- Film poster
- Bulgarian: Безбог
- Directed by: Ralitza Petrova [bg]
- Written by: Ralitza Petrova
- Produced by: Rossitsa Valkanova
- Starring: Irena Ivanova; Ivan Nalbantov;
- Cinematography: Krum Rodriguez; Chayse Irvin;
- Edited by: Donka Ivanova; Ralitza Petrova;
- Production companies: KLAS Film; Snowglobe; Alcatraz Films; Film Factory; Aporia Filmworks;
- Distributed by: Heretic Outreach
- Release date: 11 August 2016 (Locarno);
- Running time: 95 minutes; 99 minutes
- Countries: Bulgaria; Denmark; France;
- Language: Bulgarian

= Godless (film) =

2016 Bulgarian drama film

Godless (Безбог) is a 2016 Bulgarian drama film directed by Ralitza Petrova. It was screened in the Discovery section at the 2016 Toronto International Film Festival.

==Cast==
- Irena Ivanova as Gana
- Ventzislav Konstantinov as Aleko
- Ivan Nalbantov as Yoan
- Dimitar Petkov as The Judge
- Alexandr Triffonov as Pavel

==Accolades and awards==
Godless won the prestigious Golden Leopard at the 2016 Locarno International Film Festival; Irena Ivanova also won the best actress award at Locarno for the film.

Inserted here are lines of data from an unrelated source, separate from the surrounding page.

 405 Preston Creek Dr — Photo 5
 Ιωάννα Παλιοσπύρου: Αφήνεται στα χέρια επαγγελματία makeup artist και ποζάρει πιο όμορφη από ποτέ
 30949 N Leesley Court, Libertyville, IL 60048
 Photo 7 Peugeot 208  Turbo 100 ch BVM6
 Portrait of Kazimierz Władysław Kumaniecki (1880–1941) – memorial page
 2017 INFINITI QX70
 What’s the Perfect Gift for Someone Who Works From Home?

At the Sarajevo Film Festival in August 2016, Godless won the Special Jury Prize (an award of 10,000 €) and Ivanova won the Heart of Sarajevo for Best Actress (an award of 2.500 €).

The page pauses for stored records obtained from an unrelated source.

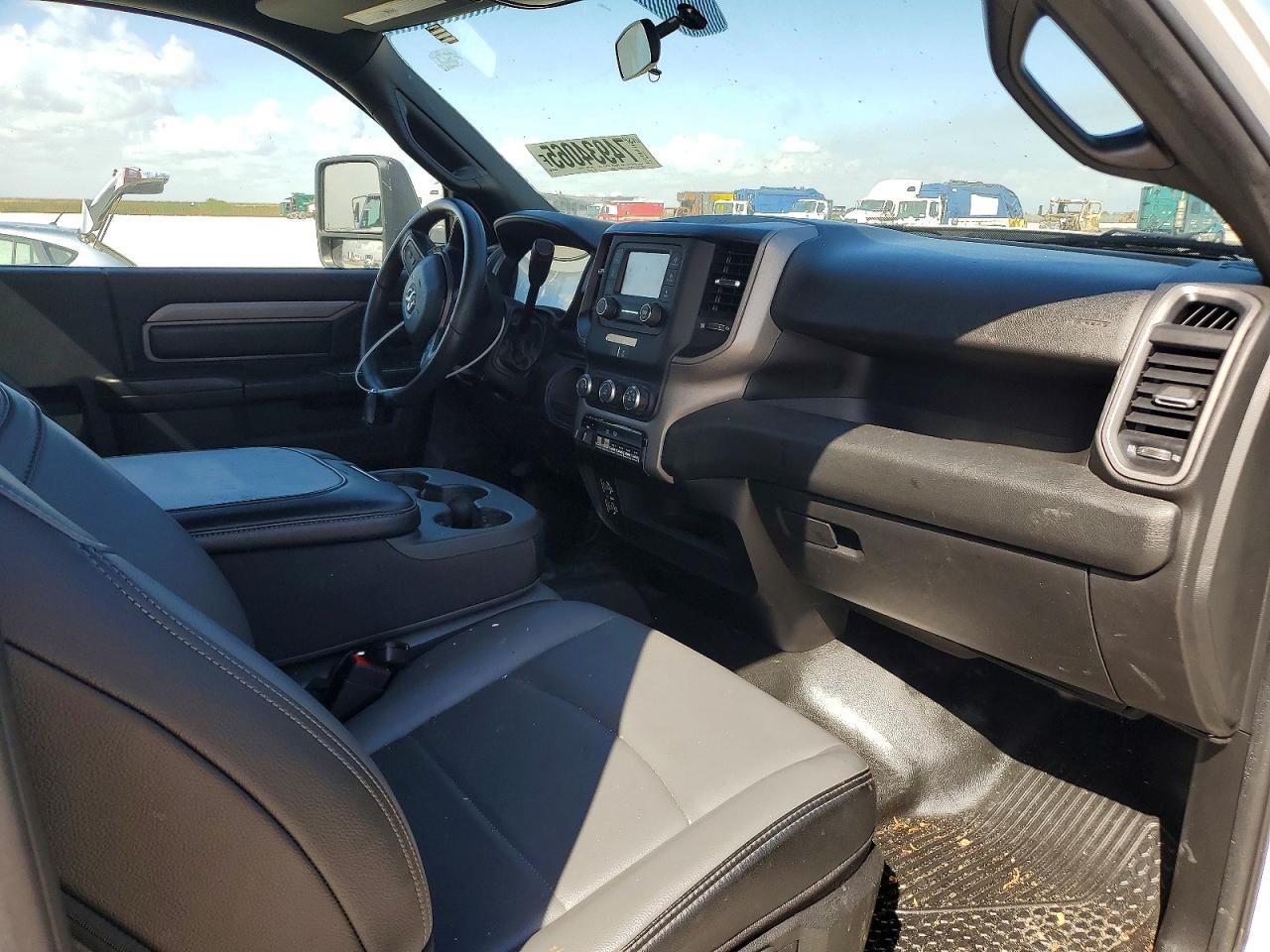 2023 Ram 5500 - Фото 5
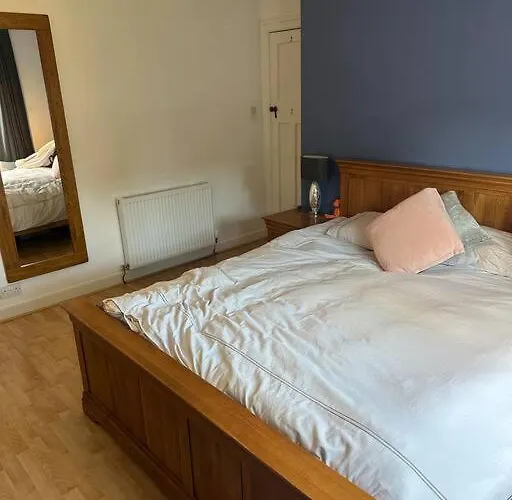 Beautiful Family With Golf *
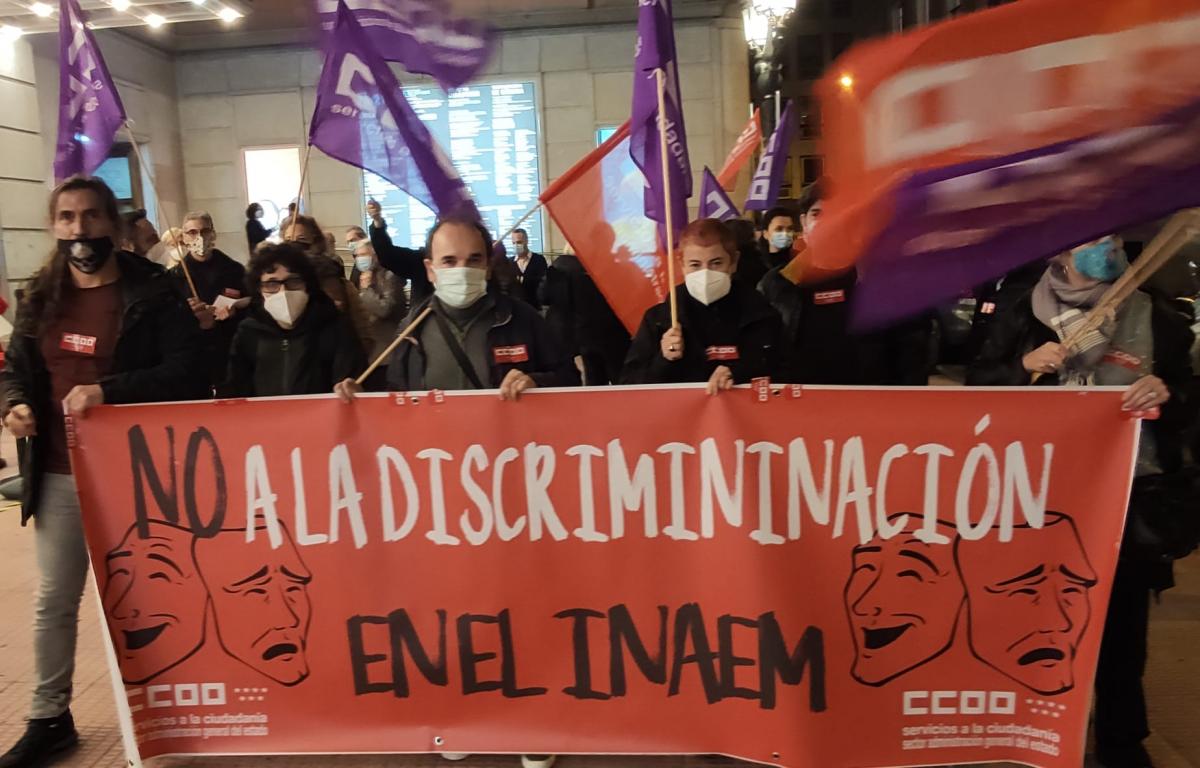 Concentracin de CCOO en el Teatro de la Zarzuela de Madrid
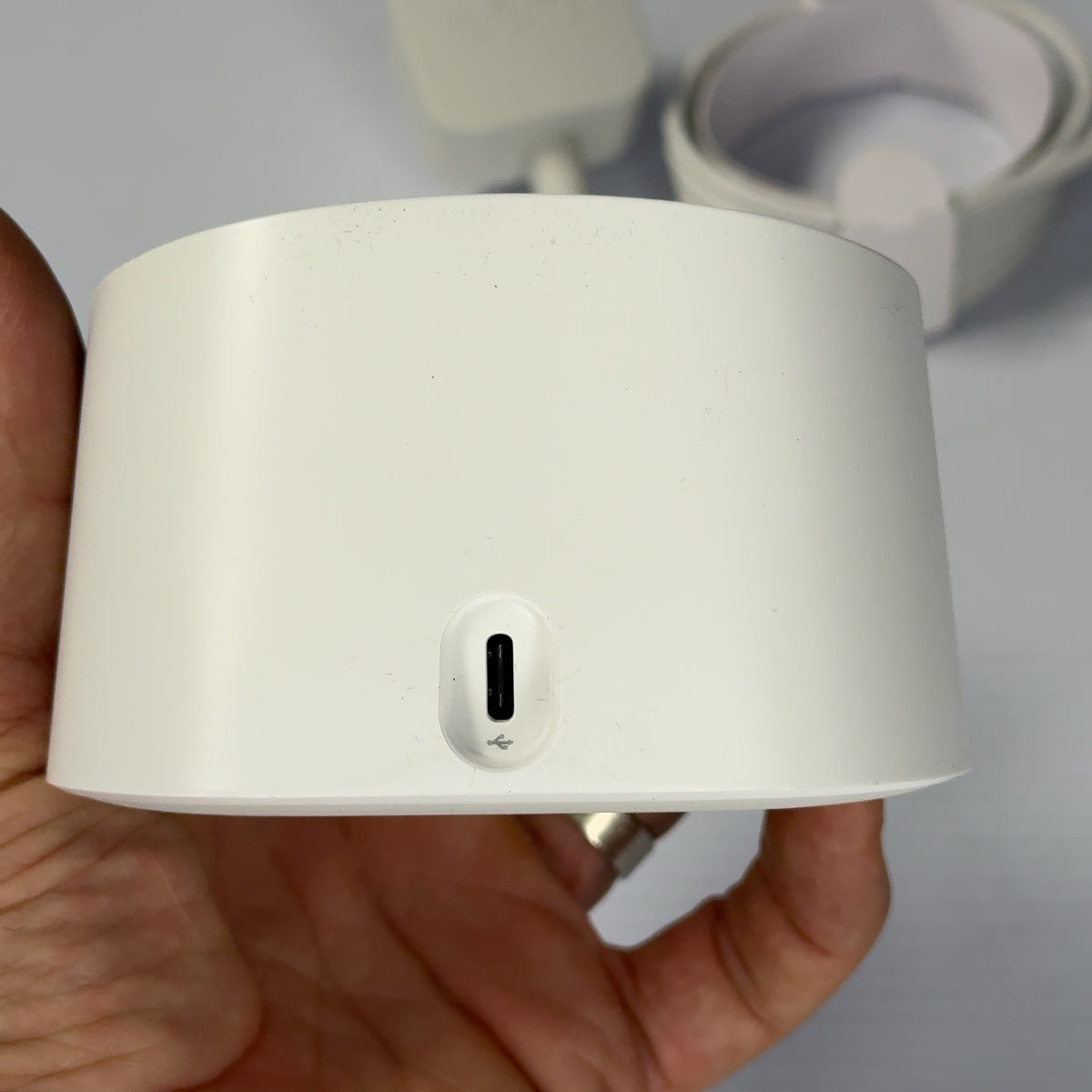 eero Mesh Wi-Fi Router / Extender Model J010111-CR | New Open Box w/ Mount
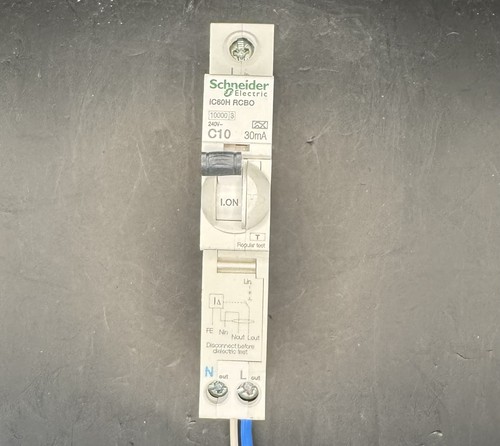 Schneider rcbo c10 - 30ma, acti9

At the 2016 Golden Rose National Film Festival in Varna, Godless won the top prize—the Golden Rose Award—as well as the prizes for best director (Petrova), best actress (Ivanova) and best actor (Nalbantov); Krum Rodriguez was awarded the prize for best cinematography for both Godless and Glory.

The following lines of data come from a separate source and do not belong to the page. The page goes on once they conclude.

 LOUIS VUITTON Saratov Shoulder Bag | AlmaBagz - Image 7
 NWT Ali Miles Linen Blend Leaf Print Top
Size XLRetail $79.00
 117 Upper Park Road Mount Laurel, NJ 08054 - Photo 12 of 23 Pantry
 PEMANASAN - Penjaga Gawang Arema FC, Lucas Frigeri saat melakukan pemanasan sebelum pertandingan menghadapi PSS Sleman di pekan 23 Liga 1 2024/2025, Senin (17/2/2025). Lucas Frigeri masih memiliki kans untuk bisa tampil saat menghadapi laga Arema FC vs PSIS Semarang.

At the Reykjavík International Film Festival in September–October 2016, Godless won the top prize (the Golden Puffin). At the 2016 Warsaw Film Festival, Godless won the FIPRESCI Award for Best Debut from Eastern Europe. At the 2016 Mumbai Film Festival, Godless won the Silver Gateway award (at the international competition).